Brianna Guidos was 3-for-4 with three RBIs while teammate Laura Altenburger was 3-for-4 with two RBIs to lead the Redskins. Julia McGovern was 2-for-3 with an RBI and a run scored, and Lauren Quense hit a towering home run to lead off the seventh that, according to Chichilitti, cleared the fence by 30 feet.
Sarah McGowan earned the win on the mound, scattering five hits in seven innings while allowing three earned runs.
Council Rock North 10, Bensalem 0 (5 innings)
Sophomore Dom Pinto upped her remarkable hitting streak to 16 games, turning in a 3-for-4 performance with two doubles to lead the Indians to the abbreviated five-inning win.
Teammate Alyssa Smith contributed a double, and Morgan Lewis earned the win on the mound, fanning eight.
Wednesday, May 12, 2011
Norristown 10, Abington 1
The Eagles pounded out 20 hits and sent 45 batters to the plate in Wednesday’s non-league win. Stephanie ‘Sweat’ DiNolfi and Gabbie Berry led the Eagles with four hits each. Berry had a pair of doubles while DiNolfi also had a double. Gwyn Botley helped her own cause with three hits.

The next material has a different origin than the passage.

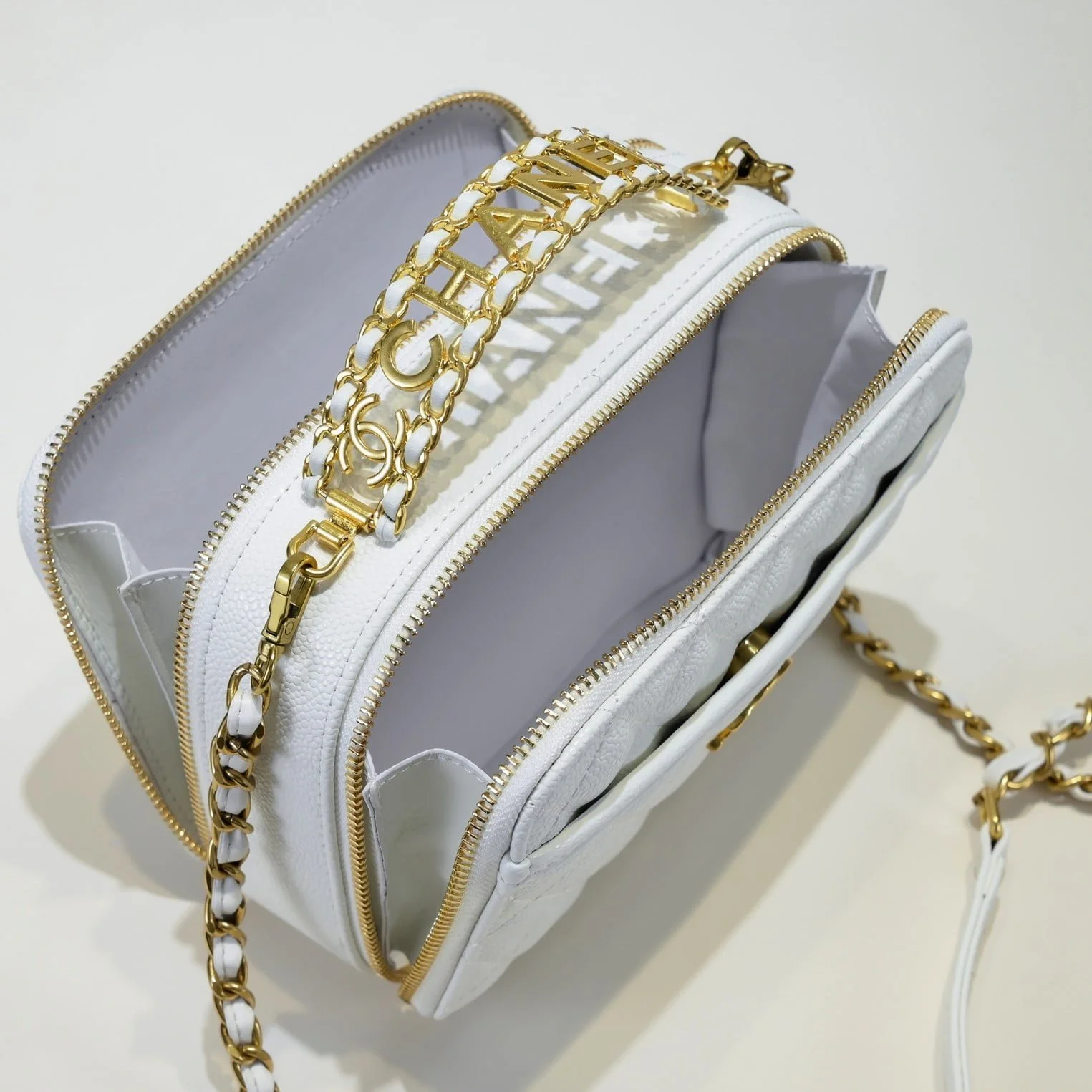 Chanel Caviar alphabet Camera chain crossbody White handle bag - LITELUX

Sara Rosetti, Taylor Copestick and Brie Kennedy each added two hits, and Julia Santoro, Sammi Kidd and Gina Pellechio all had one hit.
Pellechio, Copestick and DiNolfi, according to coach Jon Kandrick, ‘flashed the leather’ on defense with numerous putouts.
Botley earned the win on the mound, striking out five and walking just one while allowing seven hits.
Central Bucks East 9, Central Bucks West 2
Julia Schoenewald led the Patriots with a 3-for-4 day at the plate, which included a double. Jess Haug was 3-for-5 with a double, and Laura Murray had a pair of singles. Allie Chase added a pair of singles, and Kaylynn Johnson had three singles. All told, the Patriots pounded out 16 hits while the Bucks had 10.
The Patriots scored early and often, plating two runs in the first and six more in the second. They added a single run in the third to go on top 9-0 before the Bucks plated single runs in both the fourth and sixth innings.
Sierra Huckfeldt earned the win on the mound for the Patriots, and teammate Jayme Ziegler earned the save.
For the Bucks, Gina Schnecker was 3-for-3 and Carly Hurtaldo was 2-for-3 with a double.
Pennridge 13, Central Bucks West 8
The Bucks jumped out to a 5-1 lead after two innings of Thursday’s Senior Night game at Pennridge, but the Rams scored six runs in the top of the third, bunching six of their 14 hits in the inning. They added two more in the fourth and four in the fifth to go on top 13-5 before the Bucks scored three times in the fifth to make it a 13-8 game.
Emily Mayhew earned the win on the mound, allowing five hits while striking out two and walking none in four innings. Paige DeCew tossed the final three innings, allowing two runs on five hits while walking one and fanning one. All five of West’s runs were unearned.
While the Bucks fell to 1-12 in league play (5-13 overall), the Rams improved to 4-9 in the league (10-9 overall).